Can this medieval shipwreck rewrite ancient history?

More than a thousand years after a ship vanished off the coast of modern-day Croatia, archaeologists have uncovered a wreck that might reshape our ideas of the medieval world.

In 2014 archaeologists found the remains of a ship near Mljet. During a 10-year excavation, they uncovered a trove of golden artifacts that is leading historians to reexamine the so-called Dark Ages.
ByRoff Smith
Photographs and video byArne Hodalič and Katja Bidovec
Published March 12, 2026

It was the sight of a large bronze medieval cauldron lying on the seabed among some moldering old ship’s timbers that first piqued Igor Miholjek’s interest.

Then head of the Department for Underwater Archaeology at the Croatian Conservation Institute, the state agency that looks after the nation’s cultural resources, Miholjek ran a small team that, in 2014, had been diving around some recently identified shipwrecks. This particular vessel had gone down off the coast of Mljet, one of Croatia’s southernmost Adriatic islands, and he wanted to see if there were any clues that might be worth further investigation.

The wreck itself wasn’t exactly a surprising discovery. Mljet lies along one of antiquity’s main east-west sea trade routes, connecting Italian hubs like Ravenna and Venice with Constantinople (now Istanbul) and points east. Over the years, archaeological surveys of the seabed around the picturesque island, with its Roman ruins and the ancient harbor of Polače at its western tip, had yielded more than two dozen old wrecks, ranging from the remains of a Roman ship from the second century B.C. to that of a 16th-century A.D. Venetian merchantman laden with rare Ottoman ceramics. But even in an area relatively littered with historical wrecks, something about the cauldron told Miholjek that this one was different from the others.

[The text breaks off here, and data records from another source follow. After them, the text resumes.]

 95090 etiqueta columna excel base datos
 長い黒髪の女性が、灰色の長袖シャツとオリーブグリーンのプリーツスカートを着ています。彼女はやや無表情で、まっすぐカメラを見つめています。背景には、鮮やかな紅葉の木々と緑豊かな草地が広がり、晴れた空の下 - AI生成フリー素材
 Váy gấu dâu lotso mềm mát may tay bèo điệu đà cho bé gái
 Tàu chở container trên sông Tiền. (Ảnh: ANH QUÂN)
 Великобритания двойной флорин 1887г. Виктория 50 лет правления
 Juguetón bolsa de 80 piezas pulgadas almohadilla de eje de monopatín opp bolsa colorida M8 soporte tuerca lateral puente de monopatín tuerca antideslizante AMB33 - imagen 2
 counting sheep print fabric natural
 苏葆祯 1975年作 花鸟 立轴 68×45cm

The presence of the old cauldron, together with the scatter of amphorae—large, two-handled pots used since antiquity for transporting wine and olive oil—lying around it suggested that the lost vessel was a Byzantine ship, which would be an extremely rare find in the Adriatic Sea. During his decades-long career, Miholjek and his team had found only one other Byzantine wreck, also off Mljet. But that one had dated from the 11th century A.D. Judging by the shapes and styles of the amphorae he saw on the bottom, this latest discovery was much older, possibly from the late seventh or early eighth century, part of an intriguing period historians used to refer to as the Dark Ages, when the fortunes of the Byzantine Empire were at a low point and when some historians believe that the Adriatic was an impoverished backwater, virtually devoid of shipping.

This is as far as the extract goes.